Catholic church paid Maryland lobbyists more than $200K to help limit, prevent abuse lawsuits

BALTIMORE — For years, the three Roman Catholic dioceses operating parishes in Maryland have successfully lobbied lawmakers to keep sexual abuse survivors from filing lawsuits against the church, a review of lobbying records shows.

Over the past five years, the Maryland Catholic Conference, the church’s public policy arm for the three dioceses, has spent more than $200,000 hiring former lawmakers and government officials and consultants as lobbyists to stop the Maryland General Assembly from expanding the state’s statute of limitations on lawsuits arising from sexual abuse claims.
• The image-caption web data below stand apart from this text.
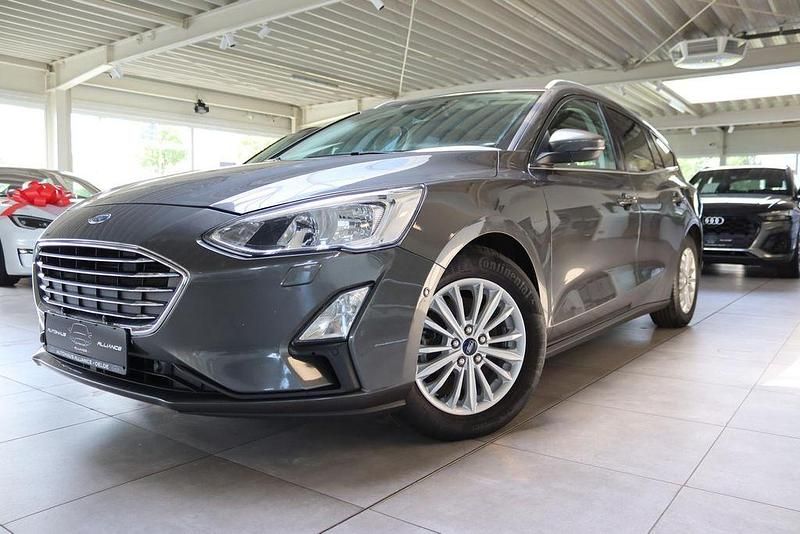Grau Gebraucht 2019 Ford Focus Limousine | 16.490 € (Etwas zu teuer) - Bild 1/4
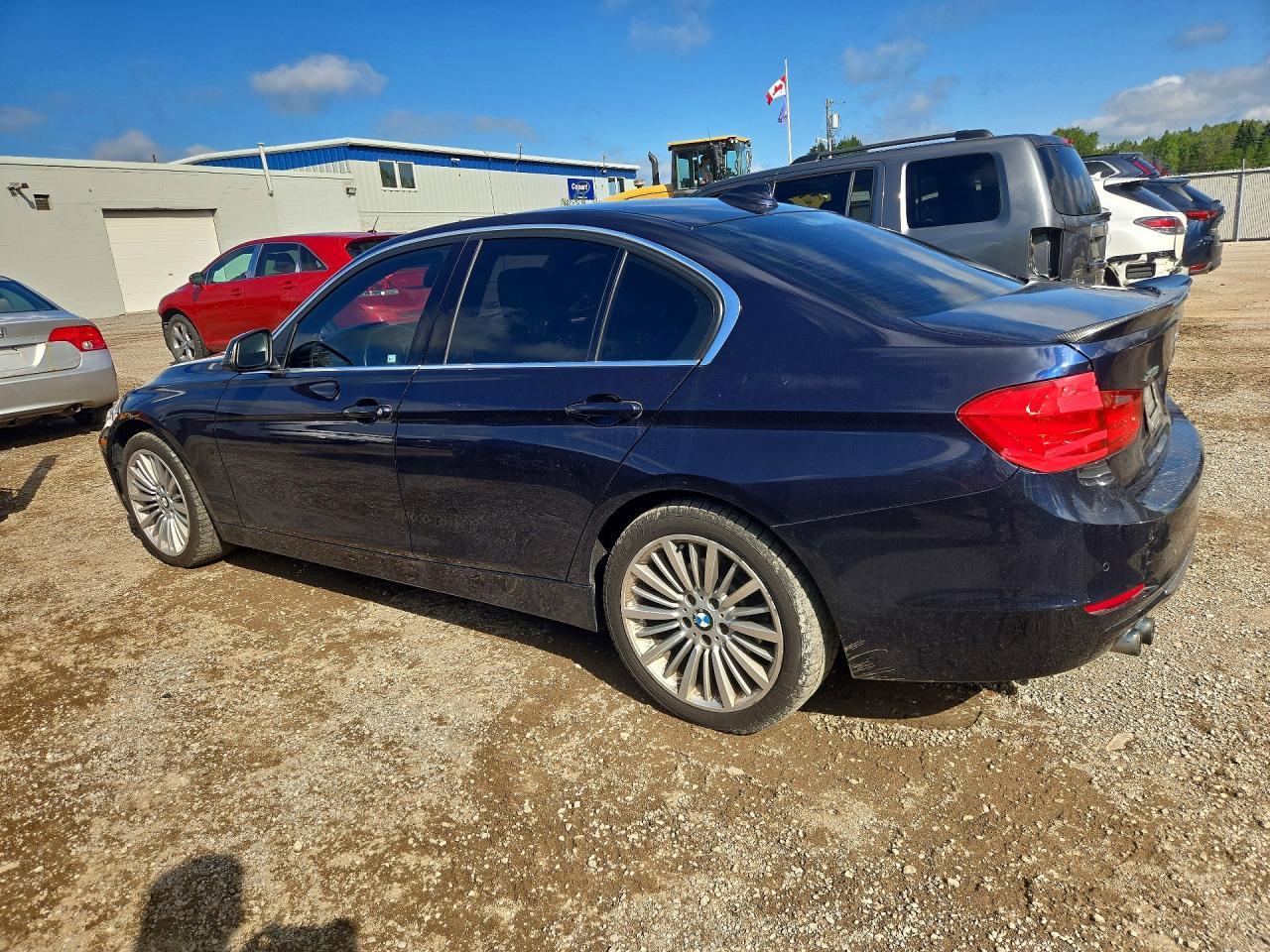 2013 BMW Seria 3 328i - zdjęcie 2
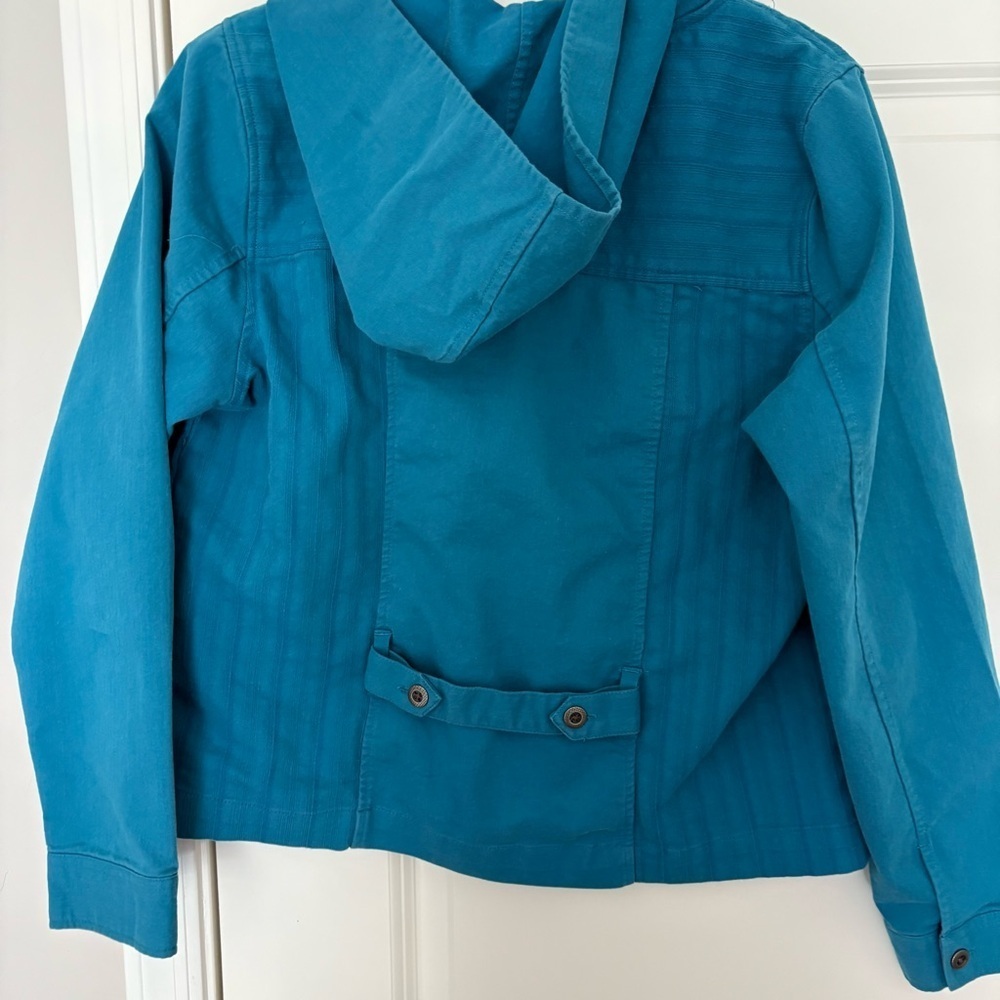Christopher & Banks Women’s Turquoise Stretch Light Zip Up Jacket - Picture 7 of 7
“This is money that goes into collection,” said Teresa Lancaster, an Edgewater attorney who was abused five decades ago while attending Archbishop Keough High School. “The church is using it to lobby against children.”

Under state law, childhood sexual abuse survivors have until their 38th birthday to file a lawsuit or three years after their abuser was convicted in criminal court, whichever is later.

A spokesman for the Baltimore archdiocese — the largest of the three constituting the Maryland Catholic Conference — wrote in an email that the church has “on multiple occasions in the past” supported legislation extending the time for victims of child sexual abuse to file lawsuits.

“It is important to note that there is no statute of limitation on the criminal prosecution of child sexual abuse in Maryland,” Archdiocese of Baltimore spokesman Christian Kendzierski wrote. “Anyone guilty of such crimes can be held accountable until the day they die.”

First introduced in 2019, the Hidden Predator Act would have given all living survivors a chance to sue their abusers and enablers, through what is called a “look-back window,” where survivors would have two years from the act becoming law to file a lawsuit regardless of when the abuse happened. The bill has died repeatedly in the state Senate.

The Catholic Church’s lobbying is under renewed scrutiny with the impending release of a report by the Maryland Attorney General’s Office that is expected to detail the extent of sexual abuse, and its cover-up, in the Archdiocese of Baltimore going back eight decades.

The report, which cannot be released without a judge’s permission because it relies on grand jury materials, contains the names of 158 priests and other clergy who abused more than 600 people — some of whom were young enough to be in preschool at the time.

Over the past three years alone, the Archdiocese of Baltimore, the Diocese of Wilmington and the Archdiocese of Washington have combined to pay two men — former Gov. Martin O’Malley spokesman Rick Abbruzzese and former Sen. Robert “Bobby” Zirkin — $166,000 solely to fight legislation that would expand the statute of limitations for childhood sexual abuse survivors, a review of lobbying activity reports shows.

Neither Abbruzzese nor Zirkin returned phone calls seeking comment.

In 2017, lobbying records show the dioceses hired Venable, Maryland’s largest law firm, to influence portions of a bill lawmakers approved to expand the civil statute of limitations for childhood sexual abuse claims to 20 years past the age of adulthood. The law as written effectively keeps the church immune from any abuse claims dating back more than 38 years.

The Catholic Church had opposed similar bills in 2015 and 2016, but lobbying reports are not readily available for those years.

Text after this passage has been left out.